Examples include: Opening Minds, Building Learning Power, Learning to Learn, Enquiring Minds. Such courses seek to develop students ‘capacity to learn’ and encourage active engagement in learning with a focus on developing skills and competencies. The courses are more concerned with the ‘how’ rather than the ‘what’ of learning and give less attention to developing knowledge and understanding of subjects.
Ofsted has reported negatively on these courses with respect to the geography curriculum:
‘Poorly planned and taught integrated units of work in the humanities in Year 7, often linked to general skills-based initiatives, had resulted in less geography being covered’.
Geography: learning to make a world of difference, Ofsted, 2011
What should I do if I am asked to teach another subject?
If you are teaching in a school which has adopted an integrated approach for some of key stage 3 you are likely to be asked to teach another subject.
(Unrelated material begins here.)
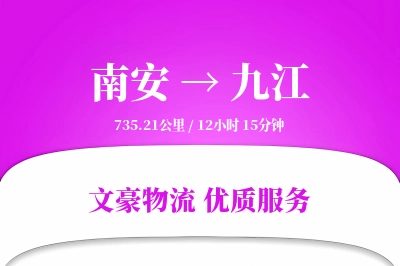 南安到九江物流公司-电商物流专线「定制化方案」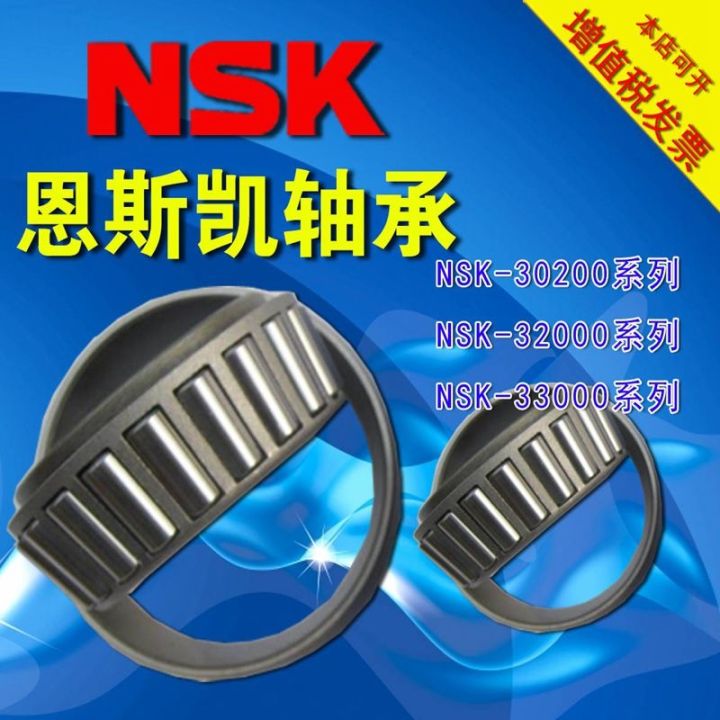 imported-japanese-nsk-bearings-hr32204-32205-32206-32207-32208-32209-32210j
Or you may want to teach a second subject because you have some background in this from your degree study, and hope it could provide you with more options when you are seeking employment.
One advantage of teaching another subject is that you work with wider teams, share more experiences and ideas as well as learn from people you may not have a chance to work with otherwise.
The main problem you face, of course, is a lack of specialist knowledge. All the points made in these web pages about being secure in your geography subject knowledge apply to any other subject you may teach. It will help if you have plans and resources developed by specialist teachers from which to work, but you must be confident in your subject knowledge when you are in front of the class.
Collaborative planning and a gradual introduction to the subject are important, but there is no substitute for plenty of reading about the subject matter and listening to the advice of a specialist mentor in that subject. You must understand the objectives of any curriculum unit you are teaching in a different subject.
A good head of department will recognise that it’s very difficult to teach a subject in which you are not a specialist and will arrange professional development and help you to take on the new subject. Take all the opportunities you can to work with subject experts, so you can build up your knowledge of the subject curriculum.
Do not lose sight of the approaches to planning and teaching you have learned in geography, because there is much that will be applicable to other subjects. You should also develop resources yourself, asking a subject teacher to check the content for you, because you will feel much more confident about using these.
If at all possible, observe and team-teach with teachers in the subject. And if you have any serious concerns or questions take them to the teacher in charge of the subject in the school.